In part 1a I was trying to find a problem to troubleshoot and I spotted 2 possible problems and drilled down into one of them and stuck. Below is the list of what I did till I stuck and started to spend time on doing more research than it actually needs because I forgot the most important and easy step which I will explain in a moment.
What I did so far,
- found the possible bottleneck on graph
- cross-checked the bottleneck with DB time
- checked the statspack and found “row cache lock” “log file switch (checkpoint incomplete)”, “buffer busy” waits as queue time
- checked if Dictionary Cache statistics gives clue – No luck -at least for me
- checked if DB did more redo than redo size can handle- redo activity was way lower than actual office hours
- checked the segments for buffer busy waits and found only 1 segment caused all the wait but buffer busy waits and row cache lock are not related are they ?

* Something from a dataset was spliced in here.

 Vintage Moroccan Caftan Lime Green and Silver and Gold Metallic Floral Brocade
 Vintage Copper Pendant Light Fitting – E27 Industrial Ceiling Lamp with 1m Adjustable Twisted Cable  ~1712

What else I have in my hand ? I have a skipped snapshot slot. One of the statspack snaps could not be gathered.
What should I have done, before going and reading and learning more (which wasn’t a waste of time for learning but will be a waste of time in pressure situation) about those top events ?
Answer was I should have checked the alert log especially when my information is minimum with this historic problems. I was on call that week and I “assumed” that nothing was wrong with DB because I did not get called. Assumptions without proofs can be big problem and big time waster for your troubleshooting practices. After 4 hours of searching on the net for causes of row cache lock (which is not a common event), I decided to check alert log because of that skipped snapshot. What I found ?
Wed Jan 20 21:47:09 2010 Errors in file j:\data\oracle\trace\prod01\bdump\prod01_arc1_7976.trc: ora-19816: Message 19816 not found; No message file for product=RDBMS, facility=ORA; arguments: [db_recovery_file_dest] ora-27044: Message 27044 not found; No message file for product=RDBMS, facility=ORA OSD-04008: WriteFile() failure, unable to write to file O/S-Error: (OS 112) There is not enough space on the disk. .... .... .... .... Wed Jan 20 22:28:48 2010 kcrrdmx: Successful archiving of previously failed ORL Archiver process freed from errors. No longer stopped Wed Jan 20 22:28:49 2010
As you see, I found that the database was hanged because the disk was full . Why was it full ? Looks like a mistake maybe not. It might be because we do exports on the same disk with db_file_recovery_area and probably One of my team mates took extra export during the day and forgot to delete it. With the redo amount generated that day it is unlikely that we can fill the logical limit and we did not get any %85 warning on that day on the alert log. Why did not I get called, because the issue lasted 45 minutes and probably technical guys did not check Big Brother monitoring that time:) I have no clue how it solved
I asked myself what is it to do with “row cache lock” why not “log file switch (archiving needed)”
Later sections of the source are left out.